With regard to robotic AI, high machine intelligence often resulted in the more rapid development of a high level of trust. With respect to embedded and virtual AI, a high level of machine intelligence provided the chance of sustaining the initial high levels of trust.

Another significant factor for establishing cognitive trust in embedded and virtual AI technologies is transparency, although the association between the development of trust and reliability in AI was rather complicated.

For the development of emotional trust, anthropomorphism was exclusively significant but its impact varied based on the form of AI. Anthropomorphism had a positive impact for virtual AI, but impacts were mixed in the case of robotic AI—that is, compared to mechanical-looking robots, anthropomorphic robots were favored by people but these human-like robots may also elicit a sense of eeriness and discomfort.

Factors that impacted emotional trust varied from those that impacted cognitive trust, and a few factors may have had different inferences for each, concluded the study’s authors.

As a guide to incorporating AI technologies into organizations’ work, the study’s authors recommended a framework.

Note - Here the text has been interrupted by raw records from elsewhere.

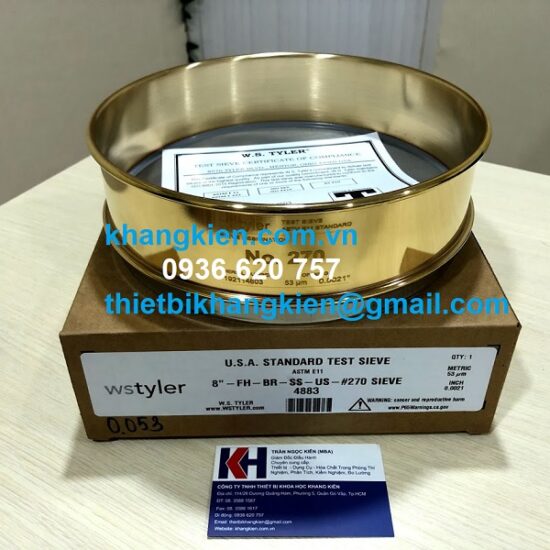 Kích thước lỗ sàng tiêu chuẩn - khangkien.com.vn - 0936 620 757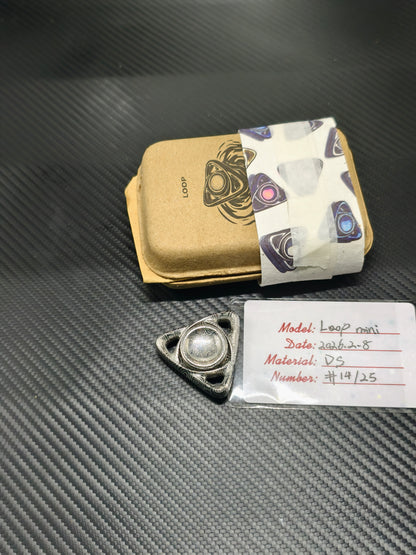 Stratus Mini Damasteel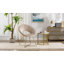 Fauteuil d'appoint moderne 28,35 po Vanezza-762033377-762033407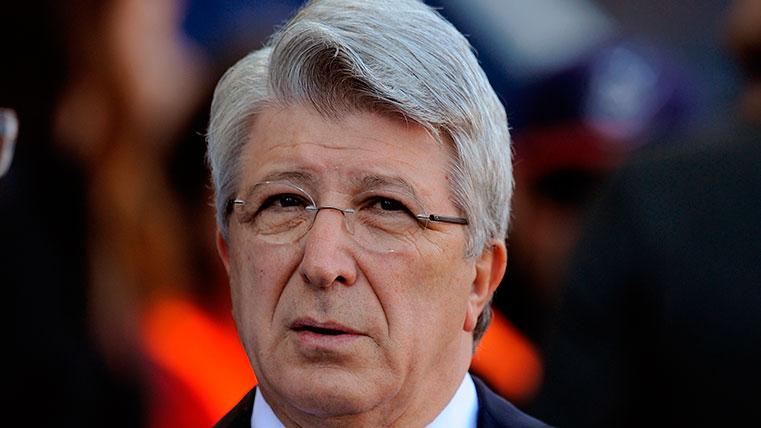 Cerezo, athletic president, will resort by Griezmann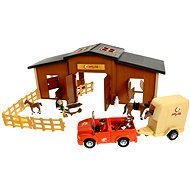  Simba Farm with horses  - Game Set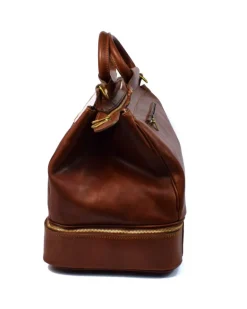 Borsone di lusso in pelle artigianale art 224566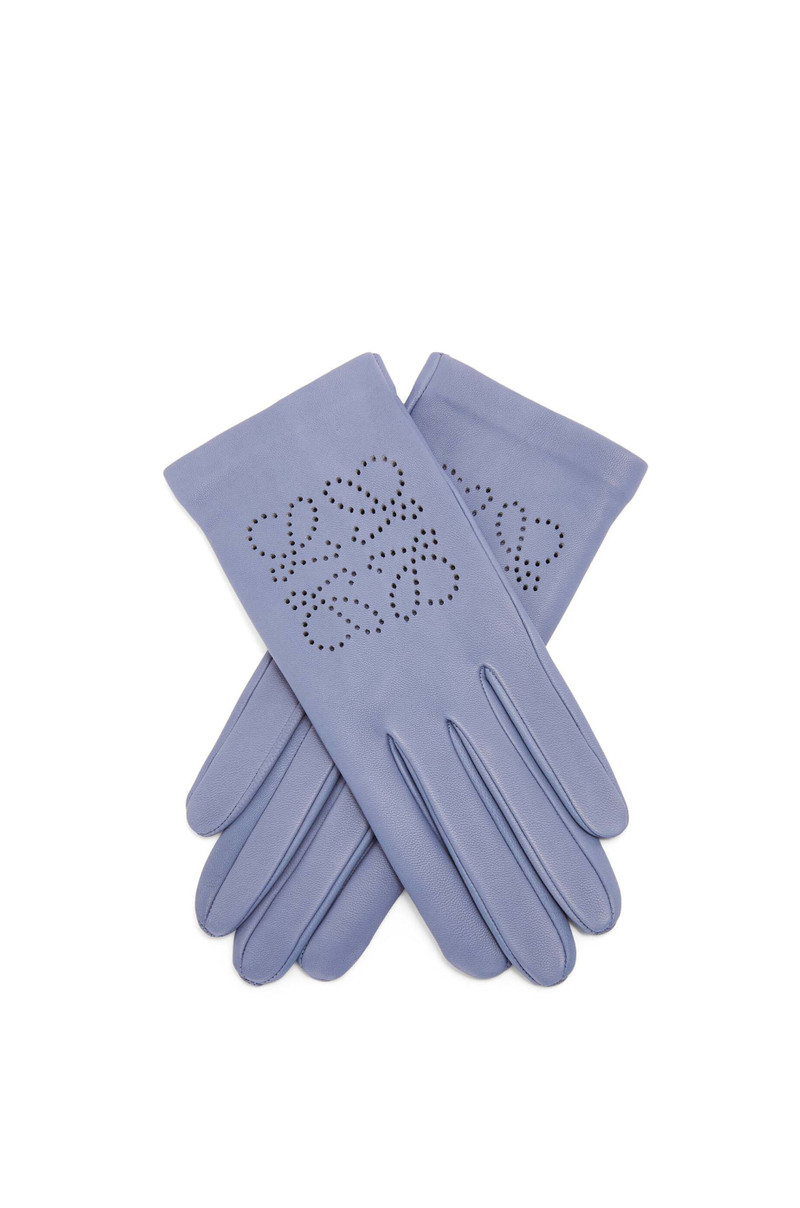 Loewe Anagram gloves in lambskin outlook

They considered factors like the degree of machine intelligence, the form in which AI was utilized, behaviors like responsiveness, and also reliability as factors that impacted the way individuals developed trust in AI, both at the emotional and cognitive level.

Trust can predict the level of reliance on technology, while the level of correspondence between someone’s trust and the capabilities of the technology, known as calibration, can influence how the technology is used.

Ella Glikson, Study Co-Author and Assistant Professor, Graduate School of Business Administration, Bar Ilan University

DARPA has financially supported the study.